• [Exercise description] Run through the data and copy out every line that mentions the word "Soft".

• [Stored data]
---+---
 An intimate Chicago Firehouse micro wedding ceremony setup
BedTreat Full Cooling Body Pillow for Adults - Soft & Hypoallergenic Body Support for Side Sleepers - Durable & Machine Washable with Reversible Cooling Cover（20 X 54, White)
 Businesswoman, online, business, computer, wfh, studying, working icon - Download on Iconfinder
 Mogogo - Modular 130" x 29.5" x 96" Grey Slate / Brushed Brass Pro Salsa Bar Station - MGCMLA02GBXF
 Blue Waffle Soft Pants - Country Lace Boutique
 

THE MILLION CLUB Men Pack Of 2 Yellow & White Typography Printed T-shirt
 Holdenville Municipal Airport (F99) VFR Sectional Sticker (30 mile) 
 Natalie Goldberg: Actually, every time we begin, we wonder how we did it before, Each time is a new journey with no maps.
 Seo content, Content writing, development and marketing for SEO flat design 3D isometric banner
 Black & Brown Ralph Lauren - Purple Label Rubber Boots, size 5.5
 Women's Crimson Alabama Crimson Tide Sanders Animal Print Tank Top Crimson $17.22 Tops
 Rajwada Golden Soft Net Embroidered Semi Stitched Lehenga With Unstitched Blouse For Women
---+---
• [Solution to this task]
BedTreat Full Cooling Body Pillow for Adults - Soft & Hypoallergenic Body Support for Side Sleepers - Durable & Machine Washable with Reversible Cooling Cover（20 X 54, White)
 Blue Waffle Soft Pants - Country Lace Boutique
 Rajwada Golden Soft Net Embroidered Semi Stitched Lehenga With Unstitched Blouse For Women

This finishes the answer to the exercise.